All rights reserved.
Laying the Groundwork
Divorce complicates just about everything, but above all — weddings. Whether it's your divorce, your parents', your sister's, or your friend's, divorce can turn the simplest wedding decision into a possible catastrophe. Why? Because the proper groundwork has not been laid for a divorced person to communicate with someone with whom he or she shares a stressful history. For many divorced people, the memories are so emotionally charged, and there is so much buried anger, that it's impossible to communicate with their exes without a flare-up.
At some point all of us have to interact with someone who conjures up unhappy, angry, or even bittersweet memories. Many times, divorce is at the root of those memories. This chapter prepares you for those interactions so you can approach them with an open mind and heart. "Laying the Groundwork" has little to do with preparing for the actual wedding. Instead, this chapter provides strategies to help you check your attitude so you can comfortably interact with an ex, an ex's family, bonus children, or divorced parents. These strategies are not just for the bride and groom. They're for anyone who must communicate with someone in the context of a breakup and remarriage, and who dreads the thought of it. As you read through these pages, you will see that "dreading the thought of it" may be the root of the problem.
I often hear:
"How can I plan my wedding? My parents are making what should be a wonderful time into a nightmare. My dad says he won't go if my mother and stepfather are there.

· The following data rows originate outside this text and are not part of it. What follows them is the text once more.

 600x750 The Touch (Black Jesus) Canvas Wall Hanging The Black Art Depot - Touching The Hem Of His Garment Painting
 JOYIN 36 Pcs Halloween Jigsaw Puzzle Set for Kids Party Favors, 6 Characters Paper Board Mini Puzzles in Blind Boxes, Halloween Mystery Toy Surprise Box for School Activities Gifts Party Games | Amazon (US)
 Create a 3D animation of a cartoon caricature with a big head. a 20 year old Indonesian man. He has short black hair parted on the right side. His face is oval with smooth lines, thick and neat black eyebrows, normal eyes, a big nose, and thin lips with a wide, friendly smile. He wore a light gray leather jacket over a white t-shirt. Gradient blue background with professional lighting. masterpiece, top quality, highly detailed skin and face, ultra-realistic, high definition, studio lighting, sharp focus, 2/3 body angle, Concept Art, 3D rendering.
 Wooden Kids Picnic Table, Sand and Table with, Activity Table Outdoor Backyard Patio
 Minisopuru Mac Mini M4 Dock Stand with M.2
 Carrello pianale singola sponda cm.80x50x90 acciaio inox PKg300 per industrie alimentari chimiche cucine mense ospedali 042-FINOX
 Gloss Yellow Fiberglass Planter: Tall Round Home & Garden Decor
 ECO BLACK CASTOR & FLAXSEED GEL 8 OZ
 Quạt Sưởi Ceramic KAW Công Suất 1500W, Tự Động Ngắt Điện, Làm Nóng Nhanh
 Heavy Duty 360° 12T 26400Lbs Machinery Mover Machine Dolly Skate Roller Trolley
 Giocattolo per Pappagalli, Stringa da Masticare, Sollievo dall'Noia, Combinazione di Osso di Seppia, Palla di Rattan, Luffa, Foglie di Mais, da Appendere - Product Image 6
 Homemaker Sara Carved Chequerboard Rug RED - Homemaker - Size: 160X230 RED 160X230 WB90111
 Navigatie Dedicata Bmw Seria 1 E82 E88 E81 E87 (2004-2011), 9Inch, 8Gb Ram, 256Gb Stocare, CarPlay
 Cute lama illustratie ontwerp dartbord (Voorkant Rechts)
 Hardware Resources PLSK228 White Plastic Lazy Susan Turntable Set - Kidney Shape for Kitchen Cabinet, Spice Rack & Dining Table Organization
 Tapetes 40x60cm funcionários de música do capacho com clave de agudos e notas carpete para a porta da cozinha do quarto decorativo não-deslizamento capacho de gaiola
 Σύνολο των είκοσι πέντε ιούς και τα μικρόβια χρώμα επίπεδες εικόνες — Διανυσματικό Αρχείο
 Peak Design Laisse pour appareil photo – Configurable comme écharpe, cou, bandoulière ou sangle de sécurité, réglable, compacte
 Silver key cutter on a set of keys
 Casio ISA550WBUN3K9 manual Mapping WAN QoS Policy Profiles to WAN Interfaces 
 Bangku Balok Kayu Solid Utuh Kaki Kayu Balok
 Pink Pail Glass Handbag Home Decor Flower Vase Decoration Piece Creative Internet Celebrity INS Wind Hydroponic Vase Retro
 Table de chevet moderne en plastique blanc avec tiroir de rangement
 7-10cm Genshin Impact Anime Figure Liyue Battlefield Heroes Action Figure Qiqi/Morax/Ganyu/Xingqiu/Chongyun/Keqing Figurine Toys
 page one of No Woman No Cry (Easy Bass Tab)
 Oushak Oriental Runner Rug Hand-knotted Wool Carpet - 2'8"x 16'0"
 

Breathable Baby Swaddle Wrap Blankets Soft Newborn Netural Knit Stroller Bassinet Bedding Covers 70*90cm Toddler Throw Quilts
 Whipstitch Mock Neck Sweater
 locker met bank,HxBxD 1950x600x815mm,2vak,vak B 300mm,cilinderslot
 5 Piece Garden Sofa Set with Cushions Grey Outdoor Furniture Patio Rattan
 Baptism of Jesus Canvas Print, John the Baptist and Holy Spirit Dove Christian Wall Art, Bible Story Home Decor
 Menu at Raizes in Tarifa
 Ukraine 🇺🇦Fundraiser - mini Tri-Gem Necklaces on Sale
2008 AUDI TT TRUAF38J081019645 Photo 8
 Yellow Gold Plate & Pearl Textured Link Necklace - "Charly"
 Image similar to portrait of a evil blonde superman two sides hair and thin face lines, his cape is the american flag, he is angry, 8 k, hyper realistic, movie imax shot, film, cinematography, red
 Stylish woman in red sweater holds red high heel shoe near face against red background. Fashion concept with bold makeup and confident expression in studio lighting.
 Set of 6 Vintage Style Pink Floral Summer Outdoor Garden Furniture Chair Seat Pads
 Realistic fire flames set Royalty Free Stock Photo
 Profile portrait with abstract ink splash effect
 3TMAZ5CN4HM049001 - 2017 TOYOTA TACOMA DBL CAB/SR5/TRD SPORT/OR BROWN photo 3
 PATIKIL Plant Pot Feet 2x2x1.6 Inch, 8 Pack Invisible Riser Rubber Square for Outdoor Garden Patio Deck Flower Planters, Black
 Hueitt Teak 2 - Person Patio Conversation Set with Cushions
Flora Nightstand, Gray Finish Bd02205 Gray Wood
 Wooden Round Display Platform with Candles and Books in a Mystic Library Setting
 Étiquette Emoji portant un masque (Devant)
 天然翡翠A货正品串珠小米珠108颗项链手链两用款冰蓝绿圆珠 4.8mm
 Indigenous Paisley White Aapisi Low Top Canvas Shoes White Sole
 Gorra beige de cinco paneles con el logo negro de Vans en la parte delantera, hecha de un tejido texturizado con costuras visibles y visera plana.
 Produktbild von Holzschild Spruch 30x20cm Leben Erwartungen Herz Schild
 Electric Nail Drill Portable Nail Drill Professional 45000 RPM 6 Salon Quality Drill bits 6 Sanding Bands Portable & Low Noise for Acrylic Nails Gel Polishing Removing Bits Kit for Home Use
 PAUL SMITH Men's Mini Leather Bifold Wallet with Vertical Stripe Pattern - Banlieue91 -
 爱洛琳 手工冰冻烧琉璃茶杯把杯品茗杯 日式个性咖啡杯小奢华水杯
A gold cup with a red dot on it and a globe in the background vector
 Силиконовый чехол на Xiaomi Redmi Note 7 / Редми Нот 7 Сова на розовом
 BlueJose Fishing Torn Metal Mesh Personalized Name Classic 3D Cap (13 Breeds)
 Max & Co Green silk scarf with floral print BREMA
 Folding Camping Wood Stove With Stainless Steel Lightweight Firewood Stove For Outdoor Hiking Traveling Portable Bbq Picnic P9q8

My mother says she won't go if my dad is there."
"My fiancé has three children. His ex will not let them come to our wedding on the day I have chosen. He wants me to change the date! Who comes first? Me or his ex and the kids?"
"I would like my niece — my divorced brother's daughter — to be my flower girl, but her mother says absolutely not! What do I do?"
Each message is a plea for help from someone whose family has been touched by divorce. All three people feel that the situation is out of their control and that they are at the mercy of someone who doesn't respect them.
My advice to all of these people is to rely on what I call "good exetiquette" — good behavior after a divorce or separation.
What Is Ex-Etiquette?
"Etiquette" is simply a code of behavior based on politeness, kindness, and unselfishness. It's being gracious to those around us. Ex-etiquette applies those same rules of good behavior to an "ex" or past partner, or anyone affiliated with a past partner. And that means anyone's past partner — yours, your parent's, your child's, your sister's, your friend's — anyone who is trying to navigate rocky social waters after a breakup.
Using good ex-etiquette will enable you to interact productively with people with whom you share a painful or worrisome past. It will allow you to remain cordial and make the logical decisions that need to be made when planning a wedding. Ex-etiquette will not solve the issues or emotions that originally caused the animosity. In other words, using good ex-etiquette may help you politely discuss the jealousy you feel, but it won't cure the jealousy. That is something the person who feels the jealousy must work through on his or her own.
This is when many people cringe. Few feel obliged to be kind or polite to a past partner or the relative of a past partner, especially if the breakup was nasty. That's when I hear:
"Be serious. I got a divorce years ago. I never have to talk to my ex or my ex's relatives."
This comment is typical of a divorced person. In my work as a mediator, I hear it every day: "I'm divorced. It's over. Don't bother me." For some people, particularly those without kids, this may be true. One of the partners picks up and leaves, and you never hear from that person again. However, if you have kids it's probably a different story. Joint custody has become the most common form of child custody awarded to parents after divorce or separation. Some divorced parents take it one step further and share physical custody, which means the kids go back and forth between the parents' homes on a regular basis. If divorced parents co-parent their children, they can no longer walk away from each other after a breakup. Much to many a divorced parent's dismay, that means it's never over. Not if you want to do it right. You will always share children, grandchildren, and if you are very lucky, great-grandchildren.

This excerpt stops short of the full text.